September 11 is Catalonia’s national day which marks the fall of Barcelona to Spain in 1714.
Known as the “Diada”, it has always been widely observed, but since 2012 Catalan separatists have used the occasion to hold massive rallies that in the past have drawn up to a million people.
This year’s demonstration will take place in Plaza Espana in Barcelona at 1714 (1514 GMT) in a nod to the anniversary.
The rally comes just a few weeks before the Supreme Court is to deliver verdicts in the high-profile trial of 12 separatist leaders charged over their role in Catalonia’s separatist bid, which plunged Spain into its worst political crisis in decades.
Former Catalan vice-president Oriol Junqueras and eight others face the most serious charge of rebellion.
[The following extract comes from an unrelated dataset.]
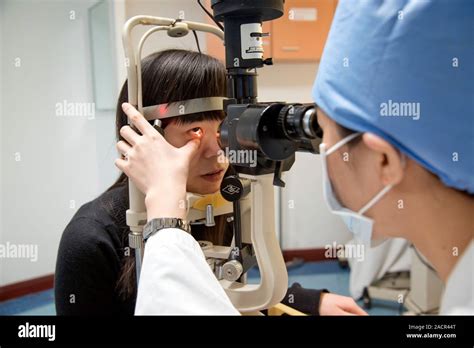 eye test ophthalmologist   slit lamp ophthalmoscope
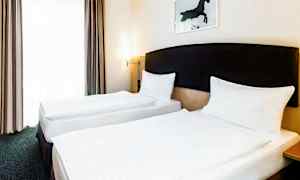 Två enkelsängar står bredvid varandra i ett hotellrum. Väggarna är ljusa och det finns ett konstverk av en häst ovanför huvudgaveln. (AI-genererad text)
Public prosecutors have asked that he spend 25 years behind bars.
Catalan separatist leaders have for months tried to prepare a united response to the looming verdicts, but they remain increasingly split over strategy.
“On the eve of these verdicts, it is important that we are seen as strong and massively mobilised,” Elisenda Paluzie, president of powerful grassroots pro-independence group ANC which organises the protest, told AFP.
The mood in the separatist camp is very different from two years ago when Catalonia’s regional government pushed ahead with a banned independence referendum on October 1, 2017 — marred by police violence — then made a short-lived declaration of independence.
Senior separatist leaders are in jail awaiting judgement or scattered abroad, like former Catalan president Carles Puigdemont who fled to Belgium shortly afterwards.
While separatists control Catalonia’s regional government, they have been unable to agree on how to push for independence.
With the event dominated by the separatist agenda, many who favour staying with Spain keep away.
Prime Minister Pedro Sanchez described it as “an especially important day” for Catalonia and said he hoped it would once again unite all Catalans.
“Let’s hope a day comes when the Diada becomes the festival for all Catalans and not just a part of them,” he told parliament on Wednesday.
At the rally, demonstrators will form the shape of a giant star which the ANC says will symbolise a state “as well as the joint effort of the Catalan people to defend their right of self-determination”.
“It is essential to have a united strategy that allows us to achieve independence. The first step is filling the streets on September 11,” an ANC statement said.
Writing on Twitter, Puigdemont said the rallies would demonstrate that the Catalan desire for independence was very much alive.
“Today we will once again show the world that we will carry on, despite the repression, that we have the right to live freely in peace and that no-one can decide our future for us.”
But two years on from the independence bid, the two main separatist parties that govern Catalonia are bitterly divided over the path ahead.
Puigdemont’s Together for Catalonia party has called for “confrontation” with Madrid if the Supreme Court hands down guilty verdicts.
But Junqueras’ leftist party ERC has called for dialogue with Spain’s central government, which is less hostile to the separatists since Sanchez’s Socialists came to power in June 2018.
Catalan vice president Pere Aragones of the ERC on Tuesday said the “harsher the sentence… the greater the need there will be to settle this issue politically”.
Against this backdrop of division, there are fears that turnout at this year’s rally will drop.
Quim Alvarado, a 47-year-old historian from the town of Figueras, said he saw no reason to attend.
“We are at an impasse that I fear will be eternal. I am certain that my generation and the next will not see independence,” he said.
Radical separatists meanwhile have called for an alternative rally outside of Catalonia’s regional parliament, which they want to occupy.